4.1. The Contracting Party will pay the Contractor, within the period and within the period established in the Proposal, the amount corresponding to the Services provided, according to the price composition described in the Proposal (“Price Composition”).

4.1.1 The Price of the Services will be readjusted annually on the date and based on the composition established in the Proposal.

4.1.2 In the event of an extraordinary situation or fact that entails readjustments greater than 10% (ten percent) of any of the indices that make up the Basket of Indices, the readjustment will be applied immediately, in the month following the month of the extraordinary event, upon notification by mail or by e-mail sent by the Contractor to the Contracting Party.

4.1.3 Only the taxes specified in the Proposal are considered in the Price. If, during the term of this Agreement, new taxes are created that may affect the object of the Agreement not considered in the Proposal, as well as any changes in rates and/or calculation bases, they will be added to the Price.

4.2. The Contractor will determine the amount due for the Services provided according to the Price Composition contained in the Proposal, sending the closure of the service corresponding to the period to the Contracting Party's registered email.

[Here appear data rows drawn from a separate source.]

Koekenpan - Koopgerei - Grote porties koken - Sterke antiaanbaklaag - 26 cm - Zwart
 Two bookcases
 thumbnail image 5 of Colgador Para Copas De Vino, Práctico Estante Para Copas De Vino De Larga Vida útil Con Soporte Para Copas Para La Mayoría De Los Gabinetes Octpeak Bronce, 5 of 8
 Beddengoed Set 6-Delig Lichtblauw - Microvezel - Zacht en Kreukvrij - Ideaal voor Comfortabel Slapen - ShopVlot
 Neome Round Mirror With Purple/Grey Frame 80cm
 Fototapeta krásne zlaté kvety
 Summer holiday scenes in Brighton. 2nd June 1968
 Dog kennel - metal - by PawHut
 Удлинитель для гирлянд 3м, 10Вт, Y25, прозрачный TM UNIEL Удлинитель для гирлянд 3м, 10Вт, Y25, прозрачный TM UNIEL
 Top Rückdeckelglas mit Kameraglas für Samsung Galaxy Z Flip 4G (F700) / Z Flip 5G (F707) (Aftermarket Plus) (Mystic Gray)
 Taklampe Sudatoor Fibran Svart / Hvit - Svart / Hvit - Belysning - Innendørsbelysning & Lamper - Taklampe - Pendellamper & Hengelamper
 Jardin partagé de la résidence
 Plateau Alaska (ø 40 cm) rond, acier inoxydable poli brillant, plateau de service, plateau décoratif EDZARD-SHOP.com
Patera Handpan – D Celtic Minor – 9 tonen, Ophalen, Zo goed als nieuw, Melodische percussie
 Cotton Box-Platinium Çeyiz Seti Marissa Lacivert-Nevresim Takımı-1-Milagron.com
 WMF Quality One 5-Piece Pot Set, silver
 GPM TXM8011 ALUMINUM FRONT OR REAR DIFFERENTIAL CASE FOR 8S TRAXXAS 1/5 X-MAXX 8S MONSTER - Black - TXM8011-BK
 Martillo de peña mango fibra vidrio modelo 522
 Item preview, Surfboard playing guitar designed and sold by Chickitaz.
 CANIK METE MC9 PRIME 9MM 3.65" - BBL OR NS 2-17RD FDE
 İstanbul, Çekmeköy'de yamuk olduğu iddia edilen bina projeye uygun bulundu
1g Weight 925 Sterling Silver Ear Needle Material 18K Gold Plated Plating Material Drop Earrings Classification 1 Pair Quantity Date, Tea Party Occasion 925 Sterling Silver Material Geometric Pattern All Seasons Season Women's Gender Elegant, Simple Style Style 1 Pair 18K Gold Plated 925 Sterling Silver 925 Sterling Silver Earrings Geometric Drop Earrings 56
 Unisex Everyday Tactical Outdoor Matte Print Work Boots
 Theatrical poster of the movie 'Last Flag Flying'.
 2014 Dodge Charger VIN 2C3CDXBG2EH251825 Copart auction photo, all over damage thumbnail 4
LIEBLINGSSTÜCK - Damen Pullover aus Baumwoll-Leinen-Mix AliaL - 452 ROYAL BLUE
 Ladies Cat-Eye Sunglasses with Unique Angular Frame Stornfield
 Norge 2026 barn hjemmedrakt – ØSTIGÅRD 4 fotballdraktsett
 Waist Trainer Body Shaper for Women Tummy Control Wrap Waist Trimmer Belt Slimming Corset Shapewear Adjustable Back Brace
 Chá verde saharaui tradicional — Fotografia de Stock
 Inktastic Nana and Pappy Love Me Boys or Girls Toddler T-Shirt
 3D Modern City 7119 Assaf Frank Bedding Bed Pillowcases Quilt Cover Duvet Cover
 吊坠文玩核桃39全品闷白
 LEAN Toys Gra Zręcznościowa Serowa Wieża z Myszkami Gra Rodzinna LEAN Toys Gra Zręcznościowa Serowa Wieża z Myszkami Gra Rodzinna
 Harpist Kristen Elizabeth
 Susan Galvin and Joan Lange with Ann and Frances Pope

4.2.1 The Contracting Party shall approve the closing forwarded by the Contractor, within a maximum period of 05 (five) business days. If there is no response by the Contracting Party within the period established herein, the closing will be considered tacitly approved, allowing the Contractor to issue and send the Service Invoice, due as per item Payment Period of the Proposal.

4.3. Payments must be made upon presentation of the respective Service Invoices, Electronic Bill of Lading (CT-e) and/or debit notes by the Contractor, according to the billing procedure and payment method established in the Proposal.

4.4. The delay, by the Contracting Party, in the payment, will give the Contractor the right to demand from the Contracting Party a late payment penalty on the amount of 2% (two percent), in addition to default interest of 1.5% (one and a half percent) per month and monetary correction monthly to be determined by the IGP-M/FGV index, calculated pro-rata die from the due date of the overdue obligation, until its effective fulfillment.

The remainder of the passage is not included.